I just felt like they all needed a good kick in the ass to get them out of
their shared ennui.
I have not seen either the Redford or DiCaprio
versions and I read the book before most of you were born when I was going
through that Great American Fiction phase that we all go through when young
and hopeful - Hemingway, Steinbeck, Dos Passos, Fitzgerald and West (but
never Faulkner). I vaguely recall liking the cynicism of the book, but don't
really remember the plot details that well. But I gather that this follows
the basics to some degree but without the poetry of the written word. The
book is narrated by the character of Nick Carraway (Macdonald Carey) who
is a neighbor of Gatsby in a plush wealthy area of Long Island and finds
the enigmatic Gatsby fascinating. But in the film, Carraway is almost a side
character who is really only in it as a counter-balance as he represents
decency because he is not corrupted by money and privilege.
Gatsby is full center in the film either
in a series of flashbacks or flashbacks within flashbacks or in the present.
But he has no depth. Ladd turns him into this rather sad pitiful character
who chases after a woman he had loved and lost years previously. Everything
he did was in effort to be with her. The bootlegging, the killing, the ostentatious
display of wealth was for her. But Daisy never is more than a paper thin
pinhead married to another man. There is nothing about her that seems worthy
of his obsession. When Ladd takes her on a tour of his gigantic opulent mansion
- bootlegging was very very good to him - and he brags about the paintings,
the furnishings and his hundreds of shirts made in London, you just feel
sorry for him. He is so eager to impress her. He throws enormous parties
where everyone goes, but no one knows him. Free booze and food is why the
people came. He is a stranger in his own home.
I am not sure if the structure of the film
works. Starting with Gatsby dead and the date scripted on the tombstone takes
something away from the film especially if you have not read the book - then
later in talking to Nick he has a long flashback about how he got started.
Taken on by a rich man to work for him and he stares at his wife like he
is seeing the Taj Mahal for the first time - but this really adds little
to the film. Though him kissing her did pass the censors though I suspect
only because he rejects her later. Then one of his men (Elisha Cook Jr) has
a flashback as well. As does the Hussey character. It takes away from the
narrative drive. Too many flashbacks spoiled the broth. Nothing here makes
me want to watch the other two versions. Or re-read the book. In the fine
cast, there is also a sexy Shelly Winters as the vamp, Howard Da Silva as
her husband and Barry Sullivan as Daisy's husband.

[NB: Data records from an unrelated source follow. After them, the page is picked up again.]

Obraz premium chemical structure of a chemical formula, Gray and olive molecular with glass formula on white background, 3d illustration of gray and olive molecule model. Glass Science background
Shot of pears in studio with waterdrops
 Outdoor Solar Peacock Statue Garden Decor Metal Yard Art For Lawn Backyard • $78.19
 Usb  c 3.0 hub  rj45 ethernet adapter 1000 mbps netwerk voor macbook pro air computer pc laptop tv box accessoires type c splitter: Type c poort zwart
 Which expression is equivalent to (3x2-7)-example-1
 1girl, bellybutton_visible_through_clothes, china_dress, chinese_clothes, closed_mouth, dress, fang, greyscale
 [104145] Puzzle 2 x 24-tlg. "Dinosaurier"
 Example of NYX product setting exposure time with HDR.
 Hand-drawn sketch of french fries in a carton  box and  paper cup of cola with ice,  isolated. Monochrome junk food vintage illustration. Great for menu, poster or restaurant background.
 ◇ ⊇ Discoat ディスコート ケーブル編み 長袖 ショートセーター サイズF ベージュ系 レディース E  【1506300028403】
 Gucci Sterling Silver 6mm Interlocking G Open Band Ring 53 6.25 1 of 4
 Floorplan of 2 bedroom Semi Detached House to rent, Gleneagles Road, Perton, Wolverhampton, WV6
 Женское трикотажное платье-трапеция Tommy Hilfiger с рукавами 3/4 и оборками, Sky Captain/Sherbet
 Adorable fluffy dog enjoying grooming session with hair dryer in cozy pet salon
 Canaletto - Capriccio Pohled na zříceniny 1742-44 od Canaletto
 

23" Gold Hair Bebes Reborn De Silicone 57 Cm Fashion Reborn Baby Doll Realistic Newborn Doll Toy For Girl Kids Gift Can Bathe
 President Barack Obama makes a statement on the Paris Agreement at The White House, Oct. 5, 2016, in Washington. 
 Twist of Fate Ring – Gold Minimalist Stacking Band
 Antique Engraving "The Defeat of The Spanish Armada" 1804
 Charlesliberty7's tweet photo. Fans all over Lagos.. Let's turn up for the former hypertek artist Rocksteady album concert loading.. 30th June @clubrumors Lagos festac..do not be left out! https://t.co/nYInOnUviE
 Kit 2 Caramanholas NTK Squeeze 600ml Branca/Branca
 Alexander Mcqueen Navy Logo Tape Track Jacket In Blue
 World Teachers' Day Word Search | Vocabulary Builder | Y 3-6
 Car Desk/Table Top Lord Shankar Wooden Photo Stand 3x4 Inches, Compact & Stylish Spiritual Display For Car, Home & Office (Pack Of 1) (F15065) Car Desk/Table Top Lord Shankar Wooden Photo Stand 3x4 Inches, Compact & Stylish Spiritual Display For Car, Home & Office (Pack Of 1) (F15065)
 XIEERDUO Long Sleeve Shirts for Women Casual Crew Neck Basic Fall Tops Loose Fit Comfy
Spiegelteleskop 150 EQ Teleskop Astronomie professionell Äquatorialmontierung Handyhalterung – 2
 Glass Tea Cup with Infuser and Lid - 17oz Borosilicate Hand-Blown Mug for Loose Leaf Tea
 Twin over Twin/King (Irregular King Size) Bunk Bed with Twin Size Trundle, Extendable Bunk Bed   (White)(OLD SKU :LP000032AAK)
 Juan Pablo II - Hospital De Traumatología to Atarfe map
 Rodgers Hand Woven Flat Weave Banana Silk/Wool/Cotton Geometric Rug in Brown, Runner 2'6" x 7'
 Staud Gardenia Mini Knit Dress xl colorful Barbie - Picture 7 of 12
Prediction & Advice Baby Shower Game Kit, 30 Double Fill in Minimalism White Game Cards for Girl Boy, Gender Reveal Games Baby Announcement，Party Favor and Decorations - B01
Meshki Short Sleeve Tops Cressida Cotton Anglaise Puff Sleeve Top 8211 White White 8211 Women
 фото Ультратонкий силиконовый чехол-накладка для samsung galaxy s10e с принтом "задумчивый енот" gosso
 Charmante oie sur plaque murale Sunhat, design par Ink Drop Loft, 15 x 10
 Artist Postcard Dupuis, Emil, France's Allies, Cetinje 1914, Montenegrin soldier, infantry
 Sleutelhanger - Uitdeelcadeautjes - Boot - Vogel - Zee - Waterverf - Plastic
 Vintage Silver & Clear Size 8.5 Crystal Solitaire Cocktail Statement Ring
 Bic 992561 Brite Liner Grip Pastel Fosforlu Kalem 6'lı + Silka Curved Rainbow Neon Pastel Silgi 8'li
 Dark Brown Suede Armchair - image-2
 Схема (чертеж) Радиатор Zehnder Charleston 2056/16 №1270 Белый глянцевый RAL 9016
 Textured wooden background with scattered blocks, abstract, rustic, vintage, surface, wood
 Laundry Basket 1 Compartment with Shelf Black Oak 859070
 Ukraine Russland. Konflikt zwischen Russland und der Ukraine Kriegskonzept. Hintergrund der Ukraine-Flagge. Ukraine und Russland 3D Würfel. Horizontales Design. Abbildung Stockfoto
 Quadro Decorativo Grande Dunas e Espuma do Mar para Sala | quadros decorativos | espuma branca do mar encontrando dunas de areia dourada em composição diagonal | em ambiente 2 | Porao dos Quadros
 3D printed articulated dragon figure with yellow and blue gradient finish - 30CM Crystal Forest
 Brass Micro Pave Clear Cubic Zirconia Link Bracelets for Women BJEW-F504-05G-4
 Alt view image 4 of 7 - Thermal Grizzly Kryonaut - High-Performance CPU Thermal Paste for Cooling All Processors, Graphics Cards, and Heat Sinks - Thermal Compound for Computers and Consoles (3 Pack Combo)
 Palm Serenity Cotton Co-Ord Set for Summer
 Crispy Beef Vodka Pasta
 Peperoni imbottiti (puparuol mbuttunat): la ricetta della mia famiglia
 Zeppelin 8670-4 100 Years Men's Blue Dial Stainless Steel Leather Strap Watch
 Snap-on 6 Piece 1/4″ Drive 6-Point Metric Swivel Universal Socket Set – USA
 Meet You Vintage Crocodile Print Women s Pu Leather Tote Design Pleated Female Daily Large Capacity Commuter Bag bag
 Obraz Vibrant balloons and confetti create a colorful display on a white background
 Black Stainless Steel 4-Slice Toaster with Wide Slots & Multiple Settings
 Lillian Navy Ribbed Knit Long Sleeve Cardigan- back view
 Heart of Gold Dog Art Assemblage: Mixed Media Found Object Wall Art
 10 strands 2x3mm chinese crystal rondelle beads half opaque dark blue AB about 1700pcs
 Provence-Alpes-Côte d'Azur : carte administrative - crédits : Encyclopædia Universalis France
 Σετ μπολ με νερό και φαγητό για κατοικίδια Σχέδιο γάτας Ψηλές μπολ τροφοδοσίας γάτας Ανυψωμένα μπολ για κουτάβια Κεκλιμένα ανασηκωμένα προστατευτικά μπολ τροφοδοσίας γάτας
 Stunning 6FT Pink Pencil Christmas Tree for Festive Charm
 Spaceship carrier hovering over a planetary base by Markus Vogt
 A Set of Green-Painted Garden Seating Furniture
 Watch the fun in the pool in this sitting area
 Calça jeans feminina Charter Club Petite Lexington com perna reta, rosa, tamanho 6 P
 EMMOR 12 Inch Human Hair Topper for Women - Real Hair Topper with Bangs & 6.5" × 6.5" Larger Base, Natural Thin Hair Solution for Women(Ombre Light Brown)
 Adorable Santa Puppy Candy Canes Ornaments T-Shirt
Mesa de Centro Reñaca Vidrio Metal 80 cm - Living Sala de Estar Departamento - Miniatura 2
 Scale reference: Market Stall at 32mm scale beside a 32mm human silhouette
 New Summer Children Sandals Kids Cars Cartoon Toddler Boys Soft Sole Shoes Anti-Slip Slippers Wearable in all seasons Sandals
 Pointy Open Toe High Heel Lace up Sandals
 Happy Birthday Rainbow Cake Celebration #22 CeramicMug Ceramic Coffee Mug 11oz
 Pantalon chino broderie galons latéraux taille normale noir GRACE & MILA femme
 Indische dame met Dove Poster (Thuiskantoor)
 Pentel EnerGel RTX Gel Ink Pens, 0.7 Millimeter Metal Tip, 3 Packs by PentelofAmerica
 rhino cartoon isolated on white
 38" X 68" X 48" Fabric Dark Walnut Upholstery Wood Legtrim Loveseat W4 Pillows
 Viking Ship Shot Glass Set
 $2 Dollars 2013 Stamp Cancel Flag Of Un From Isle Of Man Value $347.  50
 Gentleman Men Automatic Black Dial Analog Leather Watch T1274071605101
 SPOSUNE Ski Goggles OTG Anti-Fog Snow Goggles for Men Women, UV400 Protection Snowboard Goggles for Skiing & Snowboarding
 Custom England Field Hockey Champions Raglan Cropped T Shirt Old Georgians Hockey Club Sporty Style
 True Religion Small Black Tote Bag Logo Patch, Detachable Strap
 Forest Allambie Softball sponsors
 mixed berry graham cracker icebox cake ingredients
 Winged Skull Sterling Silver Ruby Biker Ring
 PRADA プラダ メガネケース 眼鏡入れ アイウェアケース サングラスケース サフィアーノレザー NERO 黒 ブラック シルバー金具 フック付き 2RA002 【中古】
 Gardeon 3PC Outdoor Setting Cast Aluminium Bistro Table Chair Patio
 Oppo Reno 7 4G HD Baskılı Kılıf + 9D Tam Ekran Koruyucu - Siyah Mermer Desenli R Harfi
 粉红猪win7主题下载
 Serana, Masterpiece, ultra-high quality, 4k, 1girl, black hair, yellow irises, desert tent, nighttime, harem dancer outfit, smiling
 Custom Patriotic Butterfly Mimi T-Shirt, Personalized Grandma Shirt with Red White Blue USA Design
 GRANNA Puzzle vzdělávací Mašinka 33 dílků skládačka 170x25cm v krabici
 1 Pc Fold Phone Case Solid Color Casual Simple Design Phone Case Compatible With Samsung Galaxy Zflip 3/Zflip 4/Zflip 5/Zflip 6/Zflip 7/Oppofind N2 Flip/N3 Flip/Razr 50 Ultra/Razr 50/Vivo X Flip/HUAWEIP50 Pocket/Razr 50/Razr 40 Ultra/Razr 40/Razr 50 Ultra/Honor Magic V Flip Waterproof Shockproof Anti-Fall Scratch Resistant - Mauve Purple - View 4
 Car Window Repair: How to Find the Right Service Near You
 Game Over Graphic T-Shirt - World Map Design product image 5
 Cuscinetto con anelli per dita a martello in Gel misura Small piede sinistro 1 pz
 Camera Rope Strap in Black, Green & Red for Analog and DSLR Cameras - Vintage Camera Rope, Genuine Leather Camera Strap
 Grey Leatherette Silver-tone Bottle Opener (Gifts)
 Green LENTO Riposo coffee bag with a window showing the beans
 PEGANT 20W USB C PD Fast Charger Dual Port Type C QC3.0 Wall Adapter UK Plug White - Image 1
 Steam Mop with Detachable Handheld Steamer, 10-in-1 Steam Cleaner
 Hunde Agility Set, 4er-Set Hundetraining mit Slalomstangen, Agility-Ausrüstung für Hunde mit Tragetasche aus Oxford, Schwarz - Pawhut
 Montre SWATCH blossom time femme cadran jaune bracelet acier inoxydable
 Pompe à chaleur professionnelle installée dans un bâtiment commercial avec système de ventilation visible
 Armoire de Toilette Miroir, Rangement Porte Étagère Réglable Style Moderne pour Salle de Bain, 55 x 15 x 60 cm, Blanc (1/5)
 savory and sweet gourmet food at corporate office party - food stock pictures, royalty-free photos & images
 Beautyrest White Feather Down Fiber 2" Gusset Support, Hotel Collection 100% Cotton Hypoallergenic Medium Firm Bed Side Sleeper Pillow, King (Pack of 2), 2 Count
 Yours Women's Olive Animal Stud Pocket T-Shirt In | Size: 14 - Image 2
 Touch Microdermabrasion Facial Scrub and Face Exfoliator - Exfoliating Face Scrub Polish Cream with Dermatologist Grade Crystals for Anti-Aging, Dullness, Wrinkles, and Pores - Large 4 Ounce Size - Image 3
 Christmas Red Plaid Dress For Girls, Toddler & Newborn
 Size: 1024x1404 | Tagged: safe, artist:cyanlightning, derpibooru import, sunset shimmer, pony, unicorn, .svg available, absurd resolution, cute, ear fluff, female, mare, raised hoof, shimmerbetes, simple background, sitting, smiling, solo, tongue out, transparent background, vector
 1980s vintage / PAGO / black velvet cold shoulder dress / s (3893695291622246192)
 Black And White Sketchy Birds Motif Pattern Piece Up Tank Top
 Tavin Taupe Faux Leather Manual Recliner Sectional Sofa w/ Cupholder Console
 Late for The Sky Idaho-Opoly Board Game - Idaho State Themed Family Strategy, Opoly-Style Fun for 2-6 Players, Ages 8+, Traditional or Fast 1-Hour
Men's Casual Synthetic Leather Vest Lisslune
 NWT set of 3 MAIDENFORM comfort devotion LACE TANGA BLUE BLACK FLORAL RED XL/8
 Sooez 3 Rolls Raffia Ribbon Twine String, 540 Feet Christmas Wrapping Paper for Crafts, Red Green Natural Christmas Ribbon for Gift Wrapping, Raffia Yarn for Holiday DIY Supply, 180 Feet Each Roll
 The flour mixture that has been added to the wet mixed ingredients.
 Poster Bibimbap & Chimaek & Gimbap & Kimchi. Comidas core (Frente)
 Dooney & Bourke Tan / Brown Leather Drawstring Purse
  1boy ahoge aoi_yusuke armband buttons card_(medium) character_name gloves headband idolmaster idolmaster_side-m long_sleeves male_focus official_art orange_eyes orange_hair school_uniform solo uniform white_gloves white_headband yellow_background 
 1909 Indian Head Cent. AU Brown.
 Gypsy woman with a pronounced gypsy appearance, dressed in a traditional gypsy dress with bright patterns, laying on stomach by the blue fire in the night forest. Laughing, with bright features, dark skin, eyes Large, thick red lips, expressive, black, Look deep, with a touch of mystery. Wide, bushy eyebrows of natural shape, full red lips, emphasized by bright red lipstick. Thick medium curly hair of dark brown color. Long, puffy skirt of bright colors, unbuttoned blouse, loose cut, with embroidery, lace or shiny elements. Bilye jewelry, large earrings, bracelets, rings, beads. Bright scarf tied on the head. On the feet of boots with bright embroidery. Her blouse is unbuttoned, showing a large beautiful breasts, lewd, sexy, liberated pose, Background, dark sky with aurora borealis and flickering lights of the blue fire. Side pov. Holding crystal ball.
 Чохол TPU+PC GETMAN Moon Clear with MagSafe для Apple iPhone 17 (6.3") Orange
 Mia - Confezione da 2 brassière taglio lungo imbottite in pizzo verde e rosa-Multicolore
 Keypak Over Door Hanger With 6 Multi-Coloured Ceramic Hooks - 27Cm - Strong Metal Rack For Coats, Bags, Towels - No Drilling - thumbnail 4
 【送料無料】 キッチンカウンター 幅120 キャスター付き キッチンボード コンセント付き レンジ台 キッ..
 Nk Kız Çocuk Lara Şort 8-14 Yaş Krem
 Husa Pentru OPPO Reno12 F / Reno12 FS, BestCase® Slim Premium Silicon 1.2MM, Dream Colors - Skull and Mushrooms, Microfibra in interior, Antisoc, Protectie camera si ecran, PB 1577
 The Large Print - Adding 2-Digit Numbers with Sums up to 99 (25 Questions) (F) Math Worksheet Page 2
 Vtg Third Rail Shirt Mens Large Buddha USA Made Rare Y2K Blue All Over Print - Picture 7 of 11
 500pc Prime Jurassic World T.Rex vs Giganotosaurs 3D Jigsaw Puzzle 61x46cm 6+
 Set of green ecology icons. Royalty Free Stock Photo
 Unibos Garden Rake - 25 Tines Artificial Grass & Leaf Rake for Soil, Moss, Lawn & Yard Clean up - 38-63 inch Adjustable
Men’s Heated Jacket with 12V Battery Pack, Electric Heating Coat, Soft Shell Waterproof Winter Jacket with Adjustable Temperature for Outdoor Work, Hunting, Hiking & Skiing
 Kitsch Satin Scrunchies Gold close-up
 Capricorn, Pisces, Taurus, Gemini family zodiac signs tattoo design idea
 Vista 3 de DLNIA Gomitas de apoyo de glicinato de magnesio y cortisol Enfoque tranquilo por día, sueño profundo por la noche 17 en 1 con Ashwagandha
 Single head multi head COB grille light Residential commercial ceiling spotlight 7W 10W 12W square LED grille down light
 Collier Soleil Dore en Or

The film had many issues with passing the
censors. The implied adultery, the drinking, the parties, the empty lives,
the low moral character. So the script had to be re-written to give it a
moralistic covering. That explains the opening scene when Nick and the woman
that he loves in the flashback (Ruth Hussey) visit Gatsby's grave many years
later and he gives a proverb about a sinful life leading to death - and the
ending in which Gatsby declares how wrong he has been sounds like a fig leaf
to the censors. Fitzgerald would have been appalled, but that was the film
industry back then.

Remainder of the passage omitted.